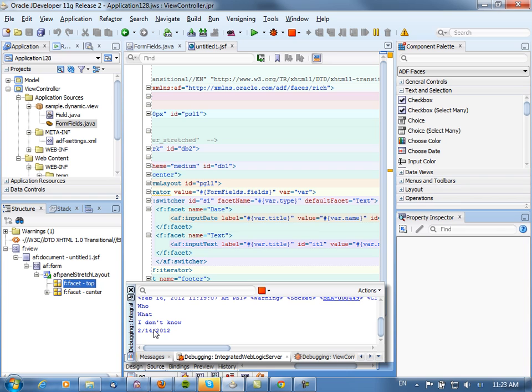So that's a very simple example that shows you how to use an iterator to dynamically create a page based on a list of fields.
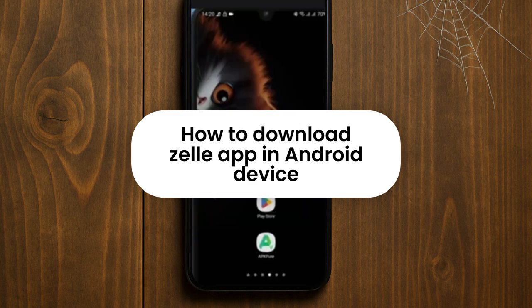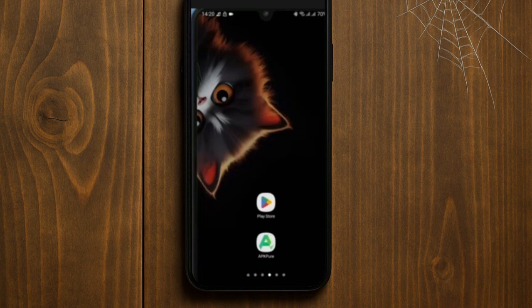How to download the Jelly app on your Android devices. If you are looking to download the Jelly app on your Android device, this video might help you out. Without further ado, let's dive in. To get started with Jelly, first you need to open the Play Store on your Android device. For iPhone users, open the App Store.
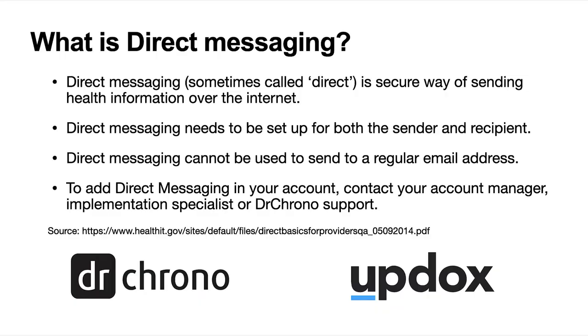Direct messaging is a secure way of sending health information over the internet. Sometimes it's just called direct, and direct messaging does need to be set up for both the sender and recipient.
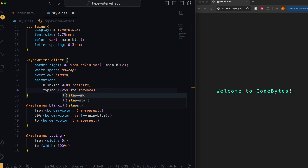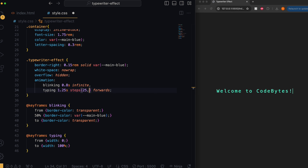Here's how you can add this dynamic typewriter effect to your website using only CSS. We have our text and first we want to create the blinking cursor that will move as it types.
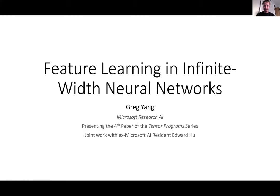Welcome back to our CSML seminar series, kindly sponsored by DeepMind. Today we have the great pleasure of having Greg Yang as a speaker. Greg studied at Harvard University where he received honorable mention for the 2018 Morgan Prize for outstanding research in mathematics by an undergraduate student. For the last few years he has been working at Microsoft Research AI on developing tensor programs for understanding wide neural networks, and today he will talk about feature learning in infinite-width neural networks.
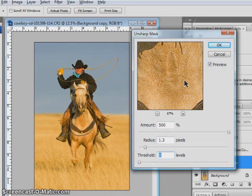How much of each setting you're going to use depends on the size and intended output of your image and the level of detail within your image as well.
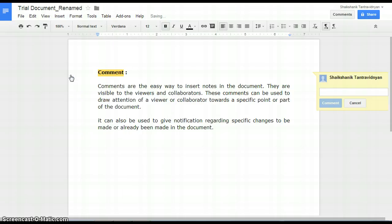Go to the insert menu and select comment. A box will appear to the right of the document.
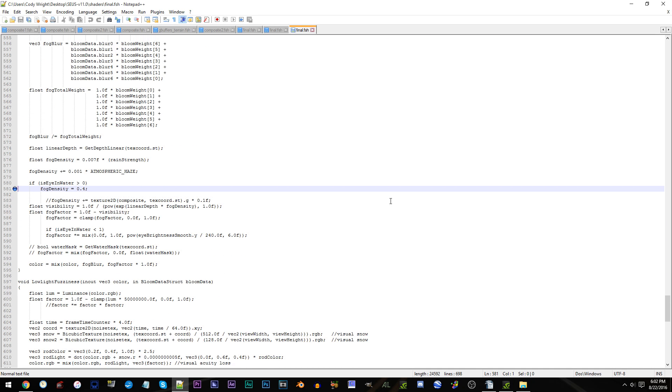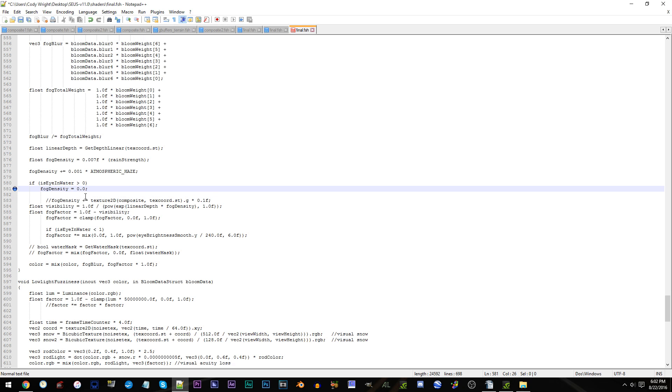Okay, for disabling underwater fog, direct your attention to the number after fog density. Remove 0.4 and change it to 0.0 to get rid of any and all underwater fog.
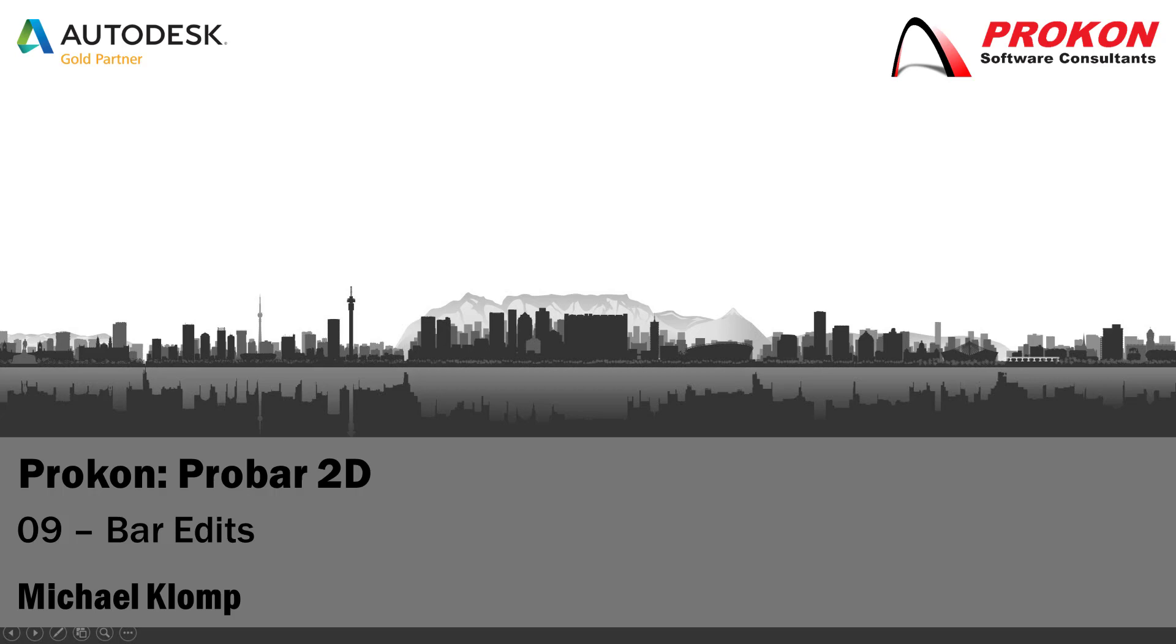Good day, welcome to the Procon YouTube channel. My name is Michael Klomp and I'm a technical support consultant at Procon.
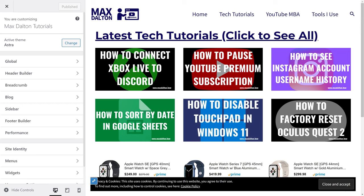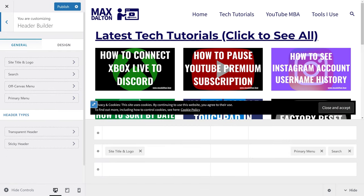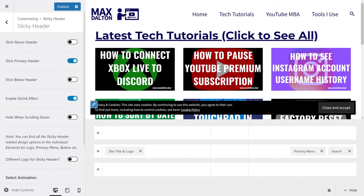The WordPress Astra theme customization screen is displayed. Step 5: Click Header Builder in the menu on the left side of the screen. The Header Builder menu is shown. Step 6: Click Sticky Header in the Header Type section. Astra Sticky Header options are shown.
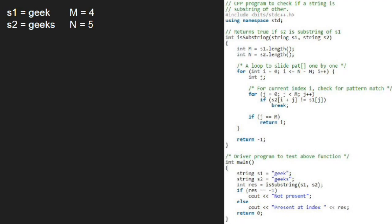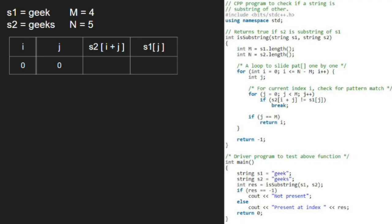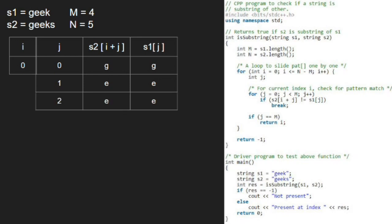Now, we run a for loop from 0 to n-m and also an inner for loop from 0 to m. S2 at index i plus j is 'g' and s1 at index j is also 'g'. As they are equal, the if condition doesn't get satisfied and j will be incremented. Again, s2 at index i plus j and s1 at index j are equal, so the if condition inside the inner for loop doesn't get satisfied and we increment j. The same happens for j equal to 2 and j equal to 3.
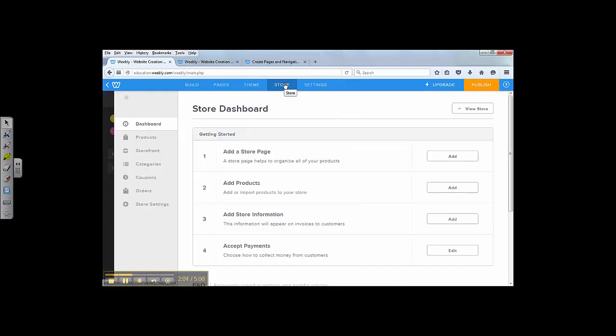Store tab is mainly not relevant to this course because this tab is mainly for business owners. If you want to open an online store, start a business, that's the tab you need to use.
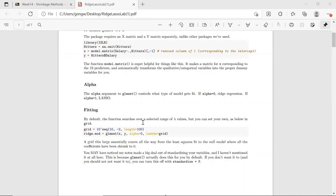Remember, we have this tuning parameter lambda when we do ridge regression or LASSO. glmnet will search over a grid of selected lambda values. But you can actually set your own grid of lambda values. Here, I made a grid which is basically a sequence of candidate values for lambda. We can then run the glmnet function, specifying the X matrix, Y, telling it to do ridge regression, and ask it to search over the grid we provided.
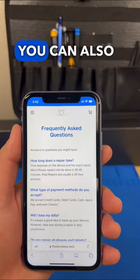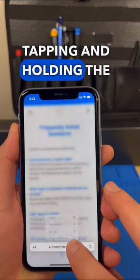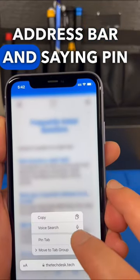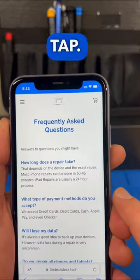You can also pin a tab by tapping and holding the address bar and saying pin tab.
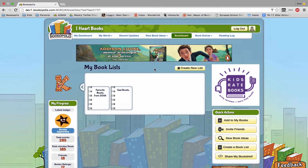It could be books you're reading in your classroom that year, it could be your favorite funny books or sad books or scary books — however you want to categorize so that you can remember them as well as share them via email to others.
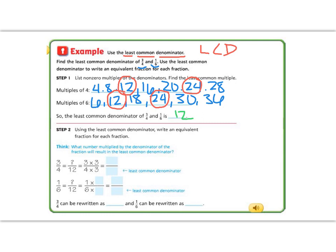Once we find the smallest number they have in common, we make equivalent fractions. We change three-fourths into something over twelve: four times three is twelve, and whatever we do to the bottom we do to the top, so three times three is nine — the equivalent fraction is nine-twelfths. Then for one-sixth: six times two is twelve, so we multiply the top by two — one times two is two, giving us two-twelfths. So three-fourths equals nine-twelfths and one-sixth equals two-twelfths.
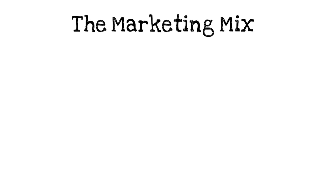Welcome back to Strategic Planet. Today we're going to be looking at the marketing mix.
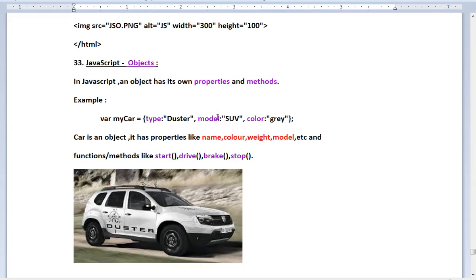Hi friends, in this video we look at how objects are used and created. First of all, objects have properties and behavior — that is, the functions and methods of a programming language or scripting language.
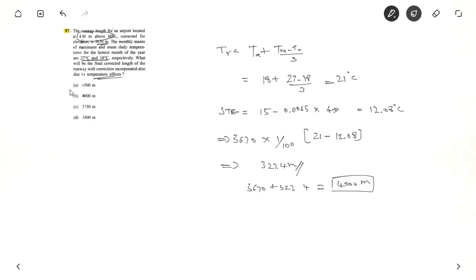Thanks for watching the video. In the next video we will see some basics of taxiway, how to find the radius of exit taxiway, and the optimum location for exit taxiways. Thanks once again. Bye.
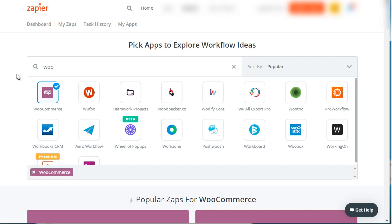You can also do something like: if a customer adds something to the cart but does not purchase, and they've signed up, you could trigger an email to them. And if they don't respond within 72 hours, you could email them a 10% discount coupon. There are a variety of things you can do with Zapier.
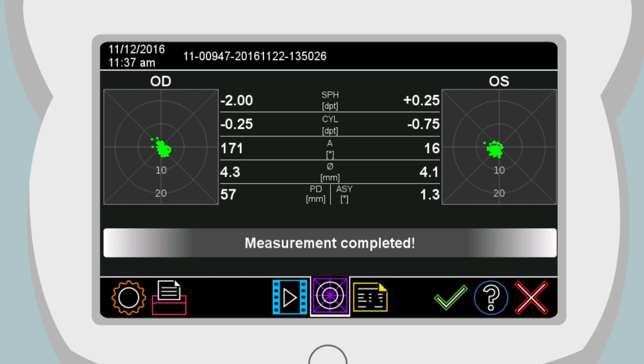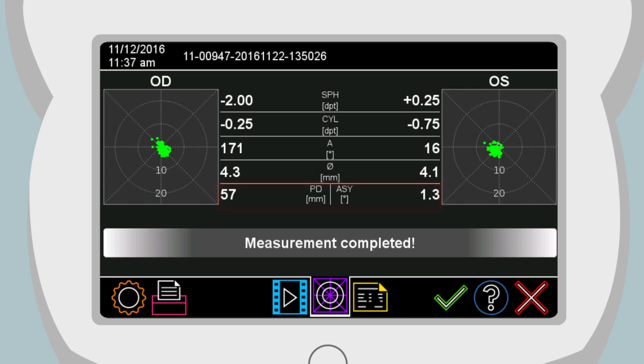Displayed in the measurement result is the Sphere, Cylinder, Axis, Pupil Diameter, Pupil Distance and Gaze Asymmetry. These measurement values are also reported on all printouts and in the patient database.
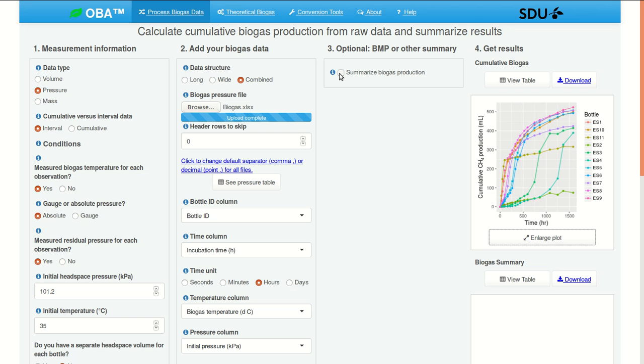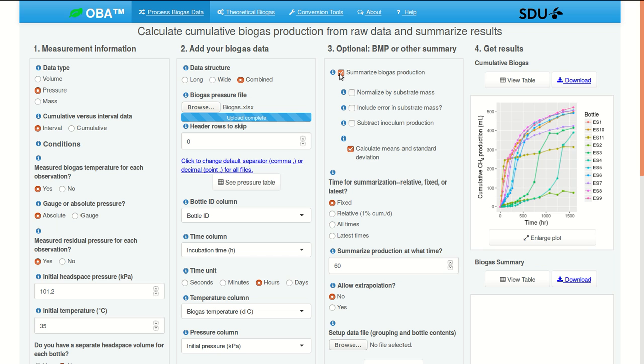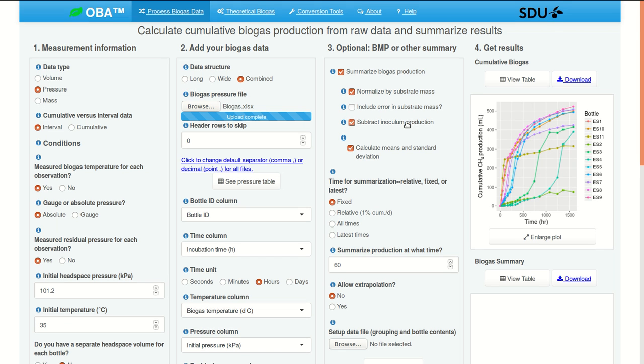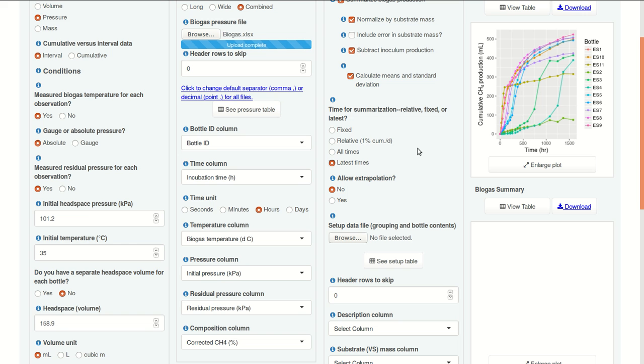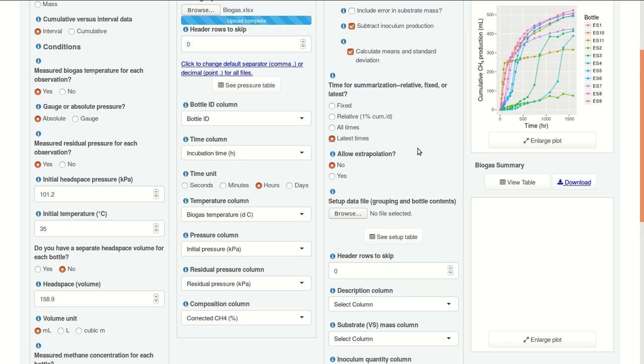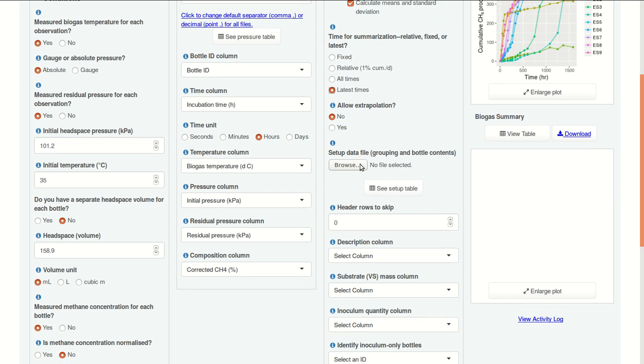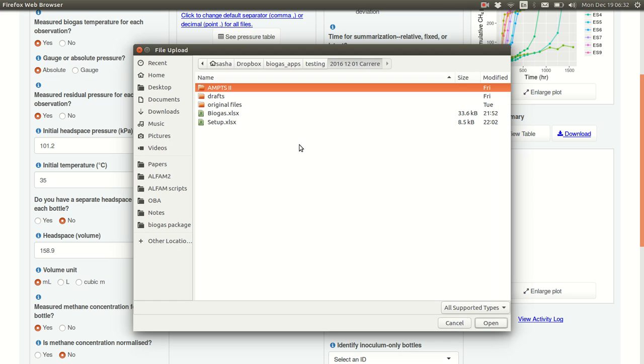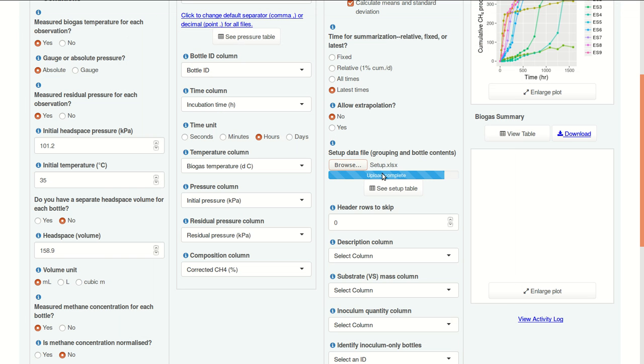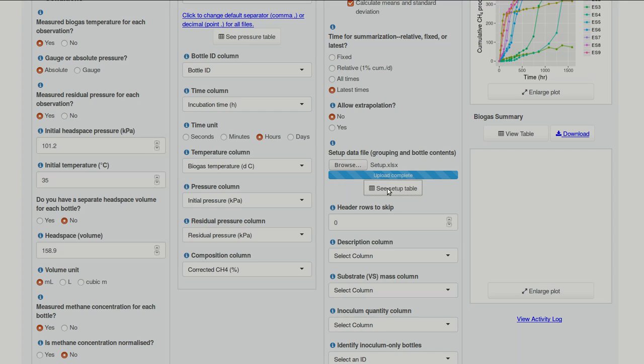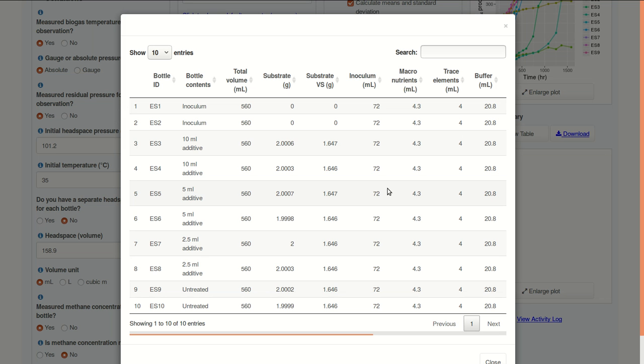So we're going to summarize biogas production. We want to normalize by substrate mass, and we want to subtract the inoculum contribution to methane production. For the time, this is the time at which we'll evaluate BMP, we're going to use the latest times for now. We don't need to extrapolate. Let's browse to this file, and let's take a look.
**********
| TASK REQUIREMENTS |
When you copy the data above, reproduce each line exactly and skip every image.

| TASK SOLUTION |
So that's a very simple example that shows you how to use an iterator to dynamically create a page based on a list of fields.
How to download the Jelly app on your Android devices. If you are looking to download the Jelly app on your Android device, this video might help you out. Without further ado, let's dive in. To get started with Jelly, first you need to open the Play Store on your Android device. For iPhone users, open the App Store.
Direct messaging is a secure way of sending health information over the internet. Sometimes it's just called direct, and direct messaging does need to be set up for both the sender and recipient.
Here's how you can add this dynamic typewriter effect to your website using only CSS. We have our text and first we want to create the blinking cursor that will move as it types.
Welcome back to our CSML seminar series, kindly sponsored by DeepMind. Today we have the great pleasure of having Greg Yang as a speaker. Greg studied at Harvard University where he received honorable mention for the 2018 Morgan Prize for outstanding research in mathematics by an undergraduate student. For the last few years he has been working at Microsoft Research AI on developing tensor programs for understanding wide neural networks, and today he will talk about feature learning in infinite-width neural networks.
How much of each setting you're going to use depends on the size and intended output of your image and the level of detail within your image as well.
Go to the insert menu and select comment. A box will appear to the right of the document.
Okay, for disabling underwater fog, direct your attention to the number after fog density. Remove 0.4 and change it to 0.0 to get rid of any and all underwater fog.
Good day, welcome to the Procon YouTube channel. My name is Michael Klomp and I'm a technical support consultant at Procon.
The WordPress Astra theme customization screen is displayed. Step 5: Click Header Builder in the menu on the left side of the screen. The Header Builder menu is shown. Step 6: Click Sticky Header in the Header Type section. Astra Sticky Header options are shown.
Now, we run a for loop from 0 to n-m and also an inner for loop from 0 to m. S2 at index i plus j is 'g' and s1 at index j is also 'g'. As they are equal, the if condition doesn't get satisfied and j will be incremented. Again, s2 at index i plus j and s1 at index j are equal, so the if condition inside the inner for loop doesn't get satisfied and we increment j. The same happens for j equal to 2 and j equal to 3.
Store tab is mainly not relevant to this course because this tab is mainly for business owners. If you want to open an online store, start a business, that's the tab you need to use.
Remember, we have this tuning parameter lambda when we do ridge regression or LASSO. glmnet will search over a grid of selected lambda values. But you can actually set your own grid of lambda values. Here, I made a grid which is basically a sequence of candidate values for lambda. We can then run the glmnet function, specifying the X matrix, Y, telling it to do ridge regression, and ask it to search over the grid we provided.
You can also pin a tab by tapping and holding the address bar and saying pin tab.
It could be books you're reading in your classroom that year, it could be your favorite funny books or sad books or scary books — however you want to categorize so that you can remember them as well as share them via email to others.
Once we find the smallest number they have in common, we make equivalent fractions. We change three-fourths into something over twelve: four times three is twelve, and whatever we do to the bottom we do to the top, so three times three is nine — the equivalent fraction is nine-twelfths. Then for one-sixth: six times two is twelve, so we multiply the top by two — one times two is two, giving us two-twelfths. So three-fourths equals nine-twelfths and one-sixth equals two-twelfths.
Welcome back to Strategic Planet. Today we're going to be looking at the marketing mix.
Hi friends, in this video we look at how objects are used and created. First of all, objects have properties and behavior — that is, the functions and methods of a programming language or scripting language.
Thanks for watching the video. In the next video we will see some basics of taxiway, how to find the radius of exit taxiway, and the optimum location for exit taxiways. Thanks once again. Bye.
You can also do something like: if a customer adds something to the cart but does not purchase, and they've signed up, you could trigger an email to them. And if they don't respond within 72 hours, you could email them a 10% discount coupon. There are a variety of things you can do with Zapier.
Displayed in the measurement result is the Sphere, Cylinder, Axis, Pupil Diameter, Pupil Distance and Gaze Asymmetry. These measurement values are also reported on all printouts and in the patient database.
So we're going to summarize biogas production. We want to normalize by substrate mass, and we want to subtract the inoculum contribution to methane production. For the time, this is the time at which we'll evaluate BMP, we're going to use the latest times for now. We don't need to extrapolate. Let's browse to this file, and let's take a look.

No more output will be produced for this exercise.